In an incredibly sloppy poll conducted at tailgates and sports bars nationwide, approximately 63% of SEC school alums aged 22-28 were found to have been legally intoxicated since 9AM this morning.
An additional 23% of recent graduates were found to be “buzzed,” while 9% claimed to be the designated driver, limiting their beer consumption to an even dozen.
“Win or lose we STILL BOOZE!!! YEAH!!!!!” said Stuart Boone, 24, a financial analyst and University of Florida graduate who works 60 hours a week and recently bought a condo with his fiance. “GOOOOOO GATORS!!!!! WOOOOOO!”
Polls found that though as many as 89% of recent SEC alums do in fact live the majority of their lives as fully functioning adults, they almost uniformly morph into raging drunken idiots for 13 saturdays out of the year, awakening even earlier than they would for their regular jobs to consume mass quantities of alcohol.

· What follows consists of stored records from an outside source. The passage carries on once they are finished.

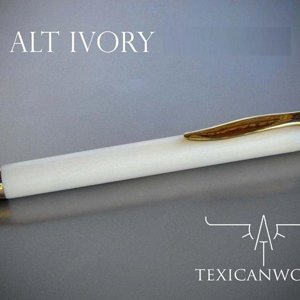 Alt Ivory on Gld/Ti click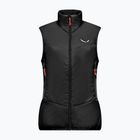 Vestă de trekking Salewa Ortles Hybrid Tyrol Wool Air black out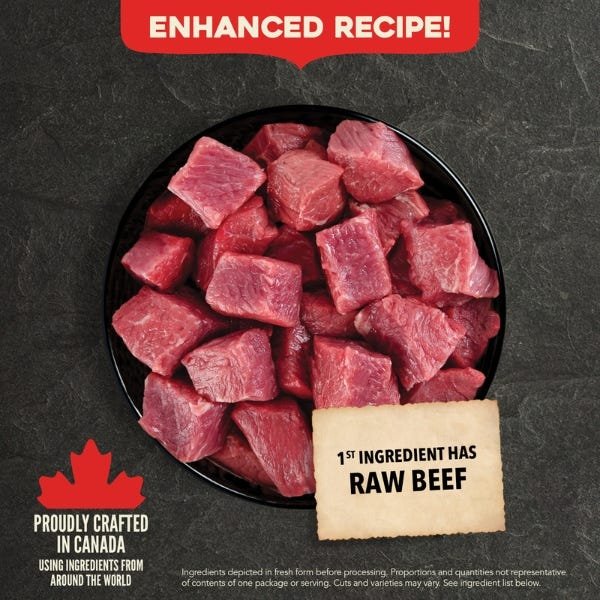 Acana Classics Dry Dog Food - Red Meat Recipe - Image 3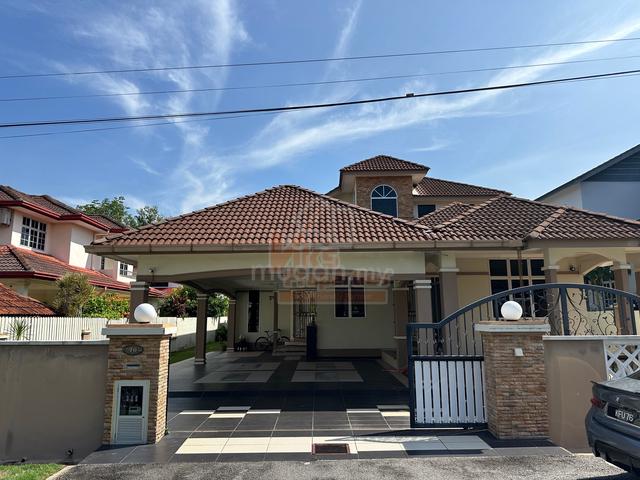 Banglo 1 ½ Tingkat - Bukit Indah - Jitra - Lokasi Strategik 1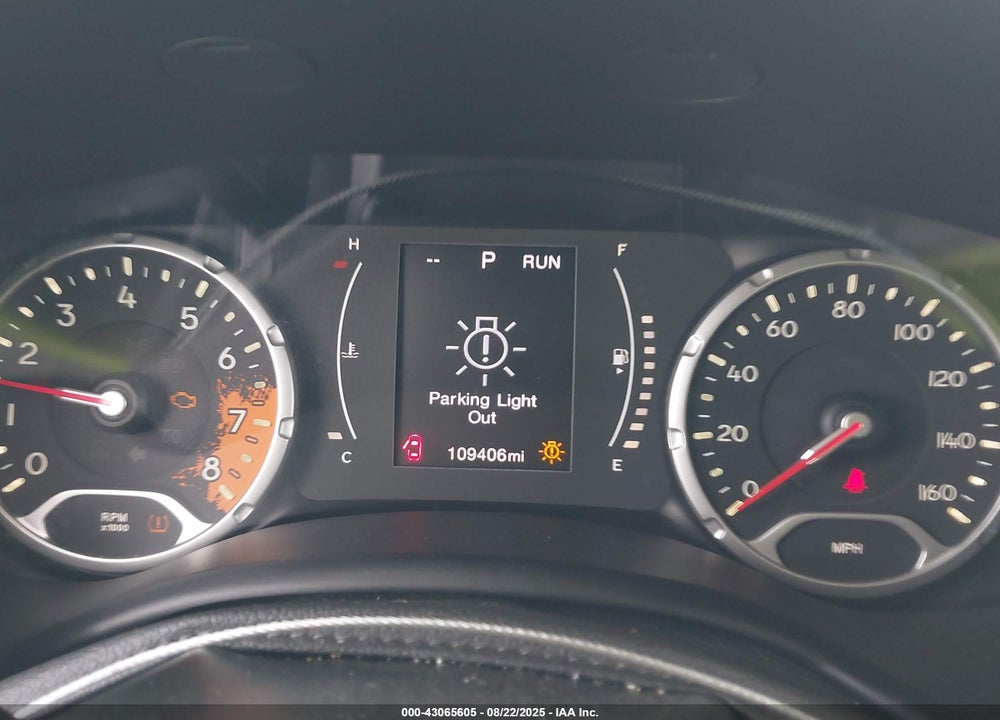 2015 JEEP RENEGADE VIN: ZACCJABT0FPB57100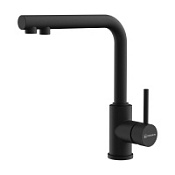 Смеситель Omoikiri Nakagawa-2-Plus-BL 4994414 для кухонной мойки, черный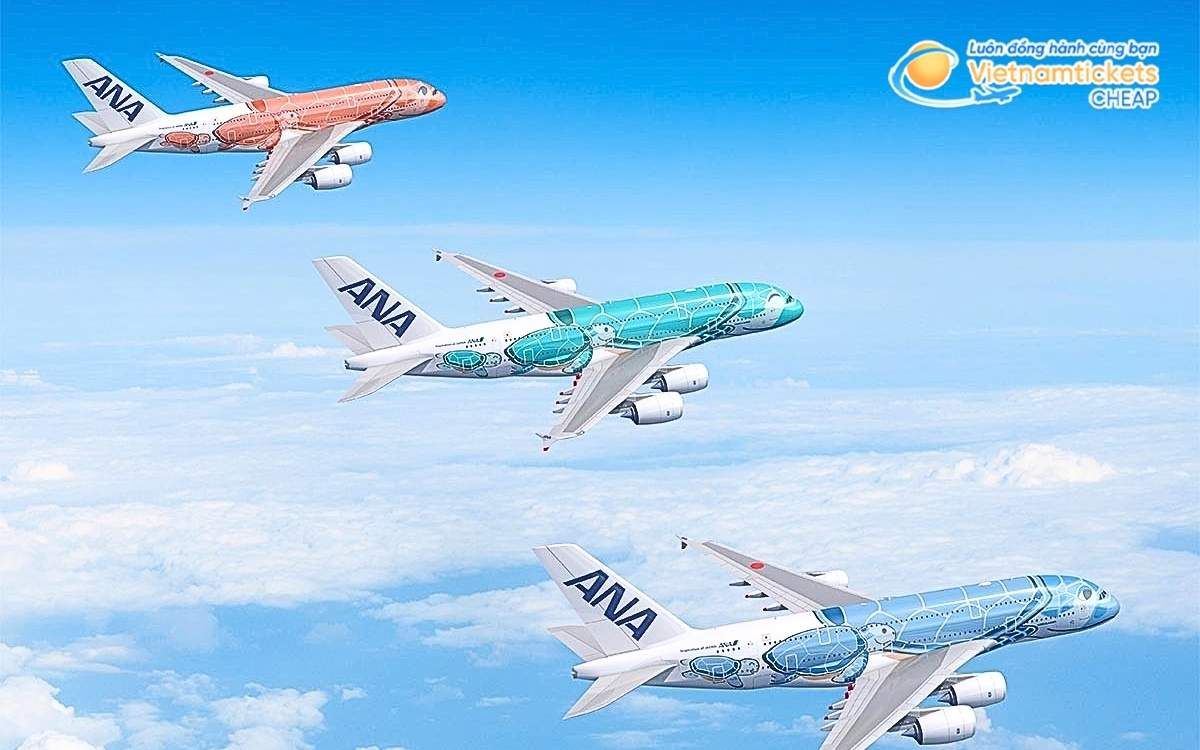 Hành trình, thời gian bay đến Himi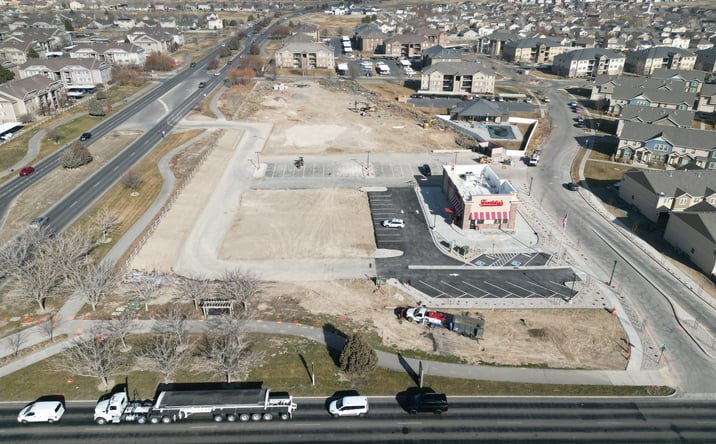Pictures of Retail, Land property located at 3550 E Ruby Ln, Eagle Mountain, UT 84005 for lease - image #1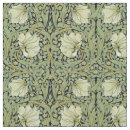Search for vintage victorian fabric William morris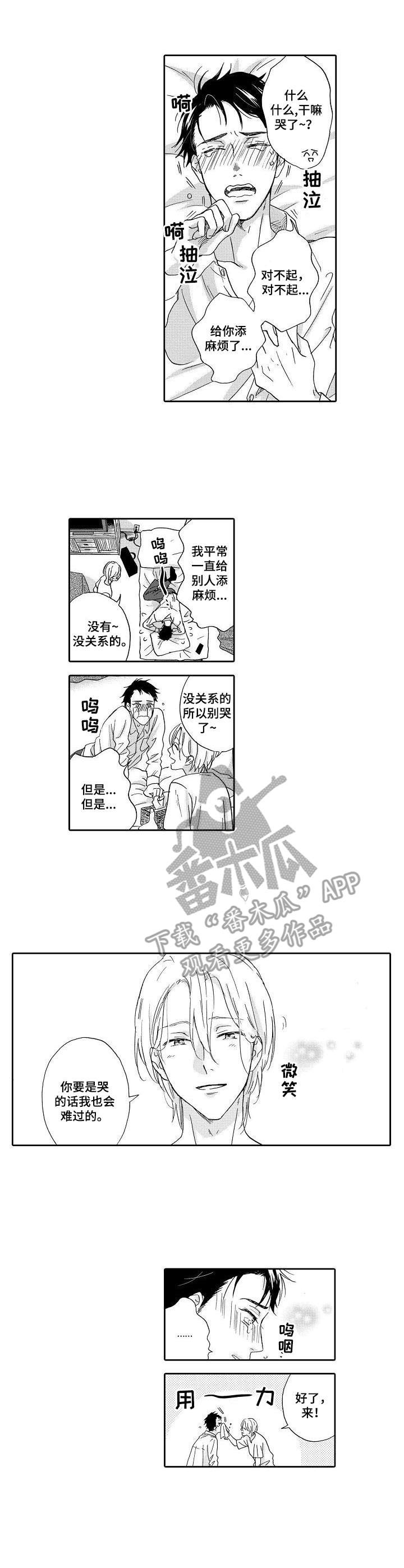 《不会咬人的狗》第2章恍惚 第1页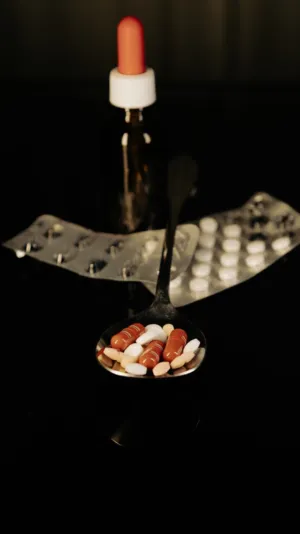 Medication Still Life
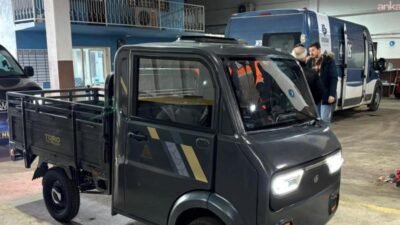 Bandırma Belediye Başkanı Dursun Mirza, Park ve Bahçeler Müdürlüğü bünyesine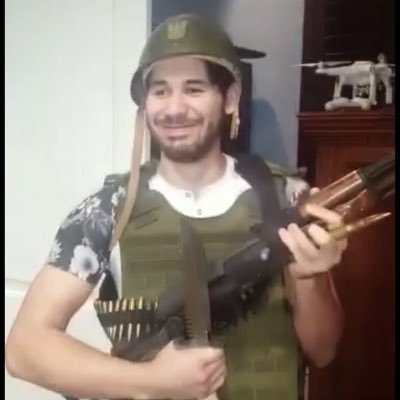 Profile Picture of Peter Balderas (@pookertrooper) on Twitter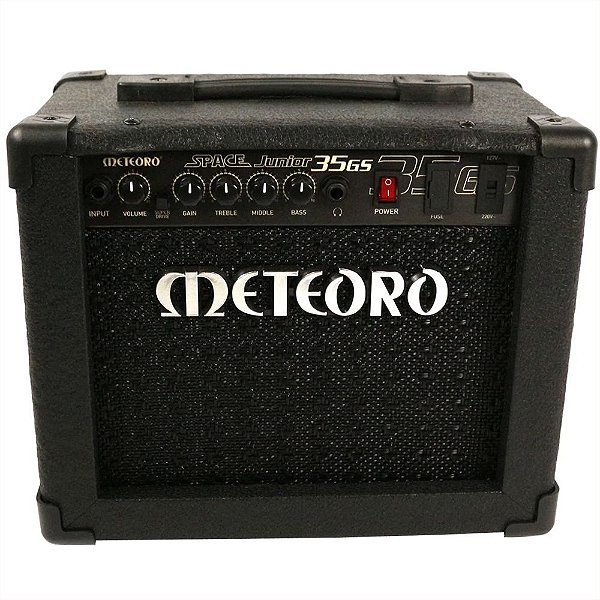 Amplificador Para Guitarra Meteoro Space Junior 35GS 25w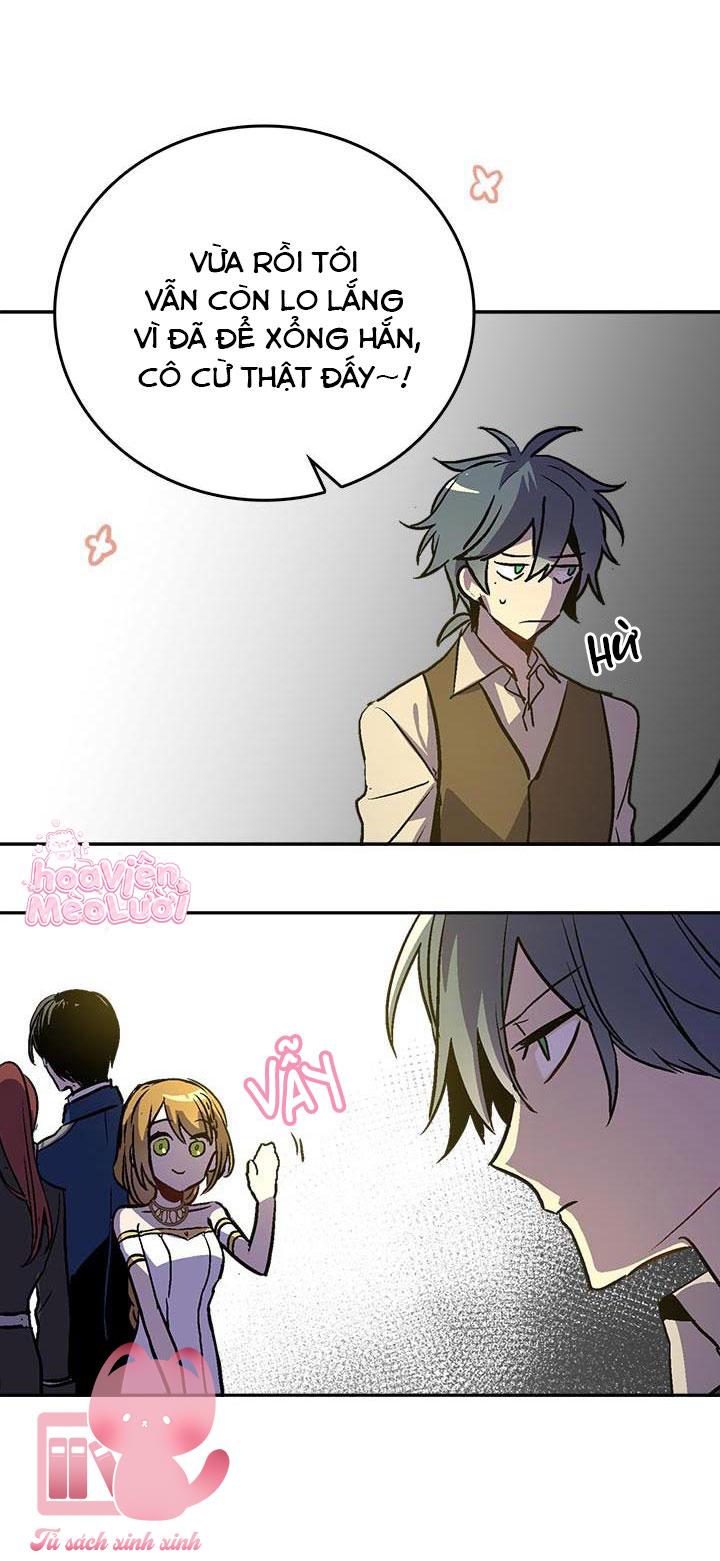 Vị Hôn Thê Khế Ước Của Công Tước - Chap 22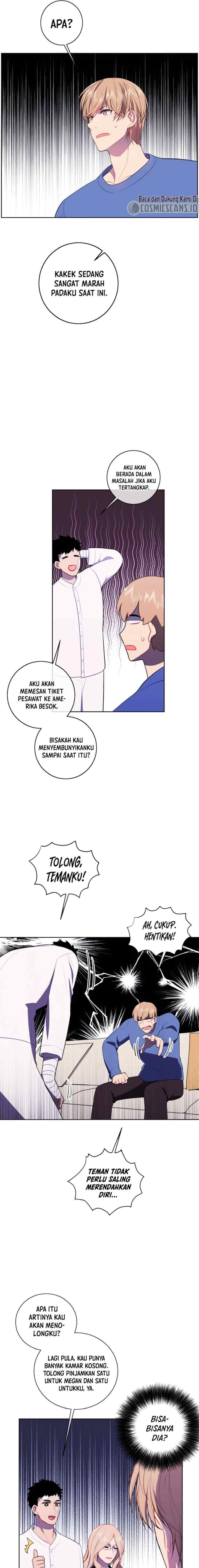I'm Alone In The Novel chapter 99 halaman 8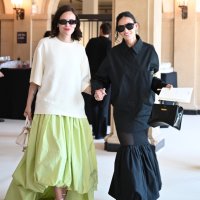 Demi Moore i Tallulah Willis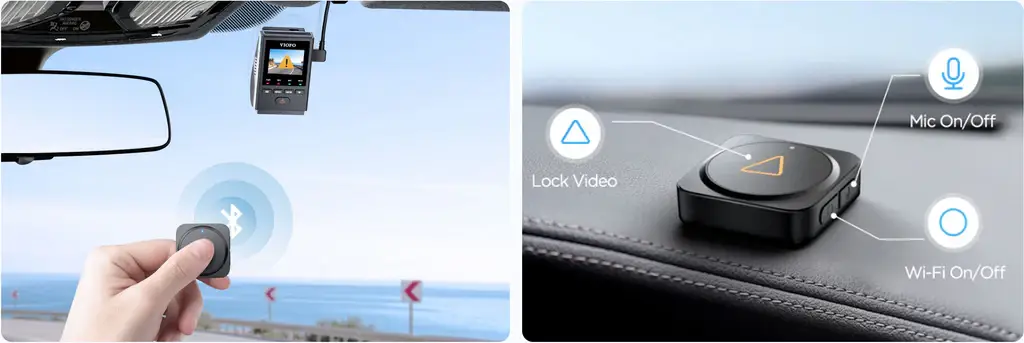 VIOFO A119M Pro - dash cam south africa
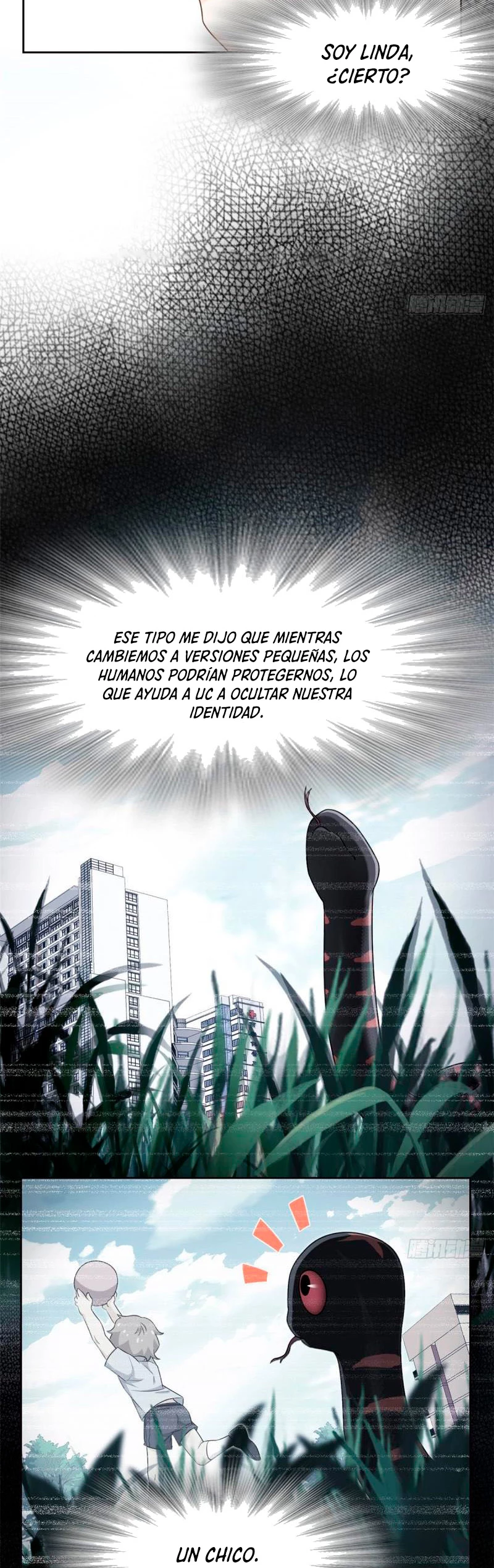 El hombre mas fuerte del manicomio - Capítulo 32 - Página 20 - LectorTMOo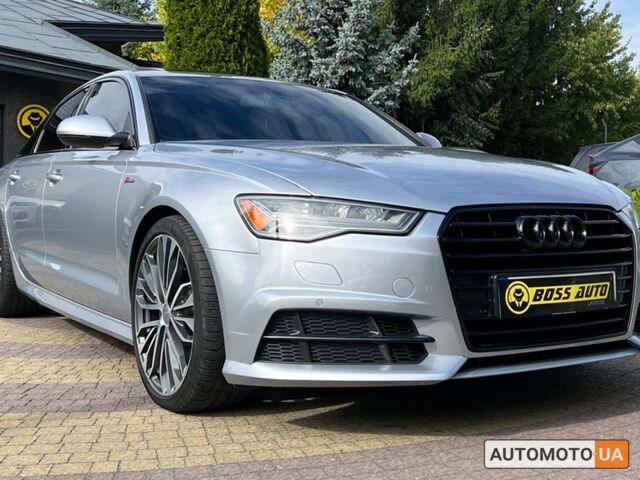 Серый Ауди А6, объемом двигателя 3 л и пробегом 89 тыс. км за 19800 $, фото 1 на Automoto.ua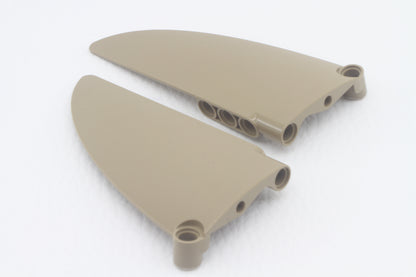 CADA Technic Panel 5 x 10 2er Set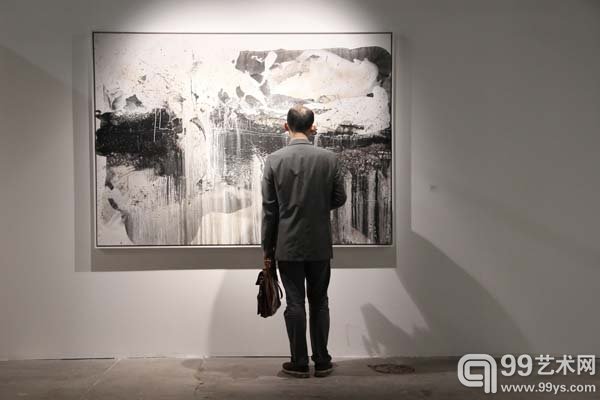 展览现场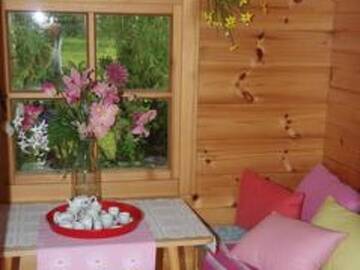 Фото номера Дом для отпуска Дома для отпуска Holiday Home Kuivajärven huvilakoti г. Tammela 75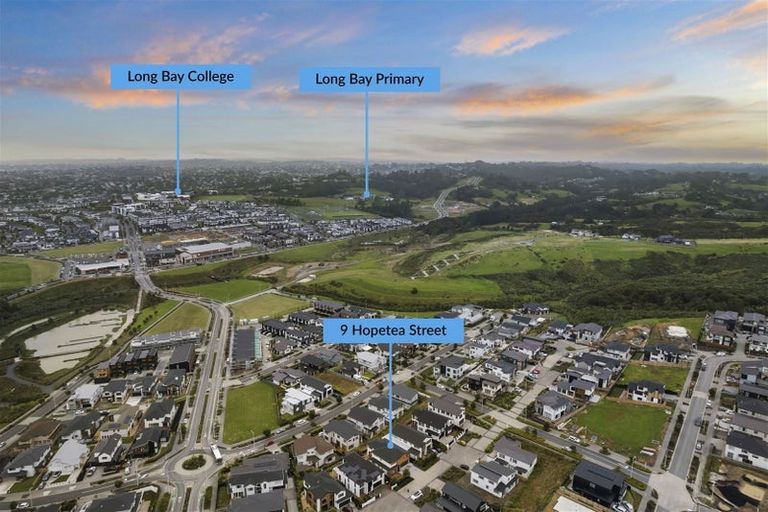 Photo of property in 9 Hopetea Street, Long Bay, Auckland, 0630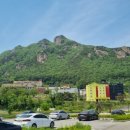 장군봉 등산로 화장실 이미지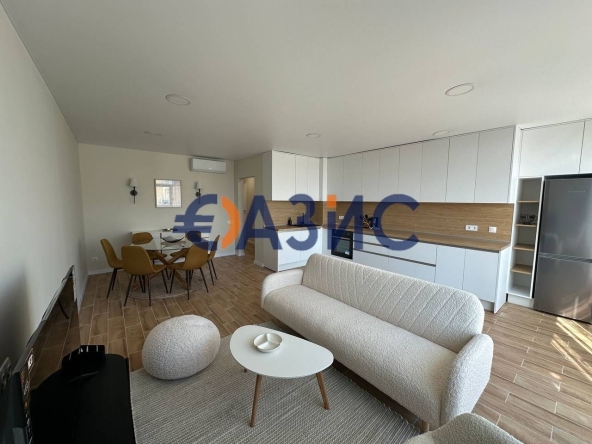 Тристаен апартамент в с. Равда, Област Бургас - 117 кв.м за 872 €/кв.м - Снимка #1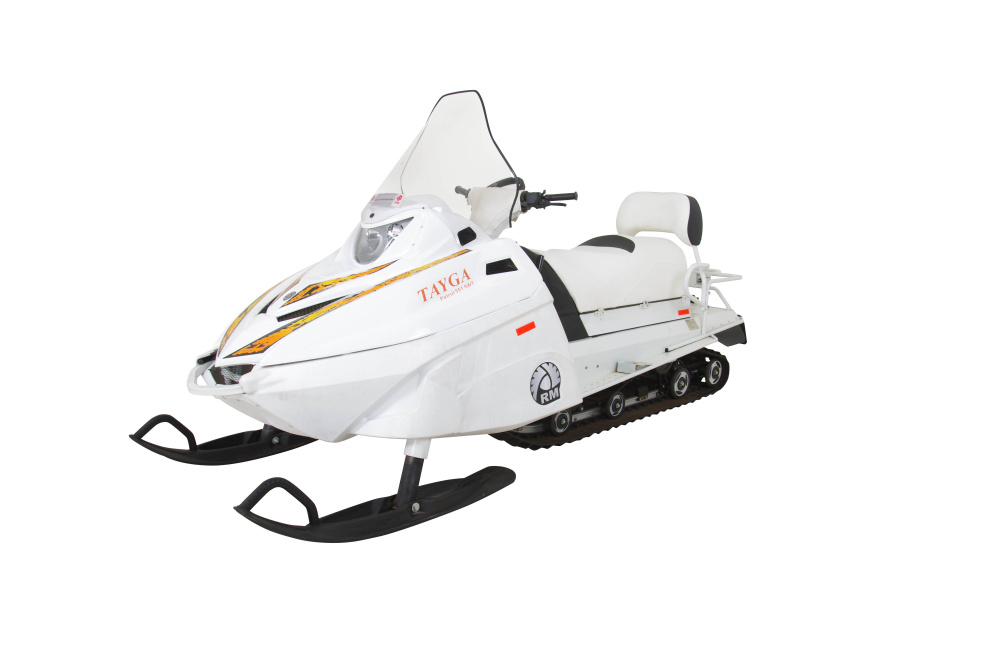Снегоход Русская механика РМ TAYGA PATRUL 551 SWT в Домодедово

Kevin Pickens, 26, a paralegal now living in Birmingham, responded to each question posed by researchers with “ROLL TIDE!” including his political views, ideal vacation, and probable name for his firstborn child.
Although the 63% of drunken recent alums may seem high, the figure was actually lower than a previous study conducted during a week in which six of the Southeastern Conference schools celebrated homecoming week. However, data showed that the only true outlier occurred when Auburn and Alabama played each other in the Iron Bowl, at which point the figure rose from 63% to 70%, and 32% of that 70% were categorized as legally dead due to live failure.
“When you think about it, these figures aren’t especially surprising,” said Kelly Johnson, 23, a nursing assistant who graduated from Ole Miss. “There’s literally nothing else to do down here. We don’t have professional sports, our idea of fine dining is the Chick-fil-A in the campus center, and the chair of our English department is Larry the Cable Guy.”
At press time, campus officials at Ohio State, Wisconsin, and Michigan reported a surge in binge drinking-related hospitalizations as recent alums attempted to prove the Big Ten could actually beat the SEC at something for once.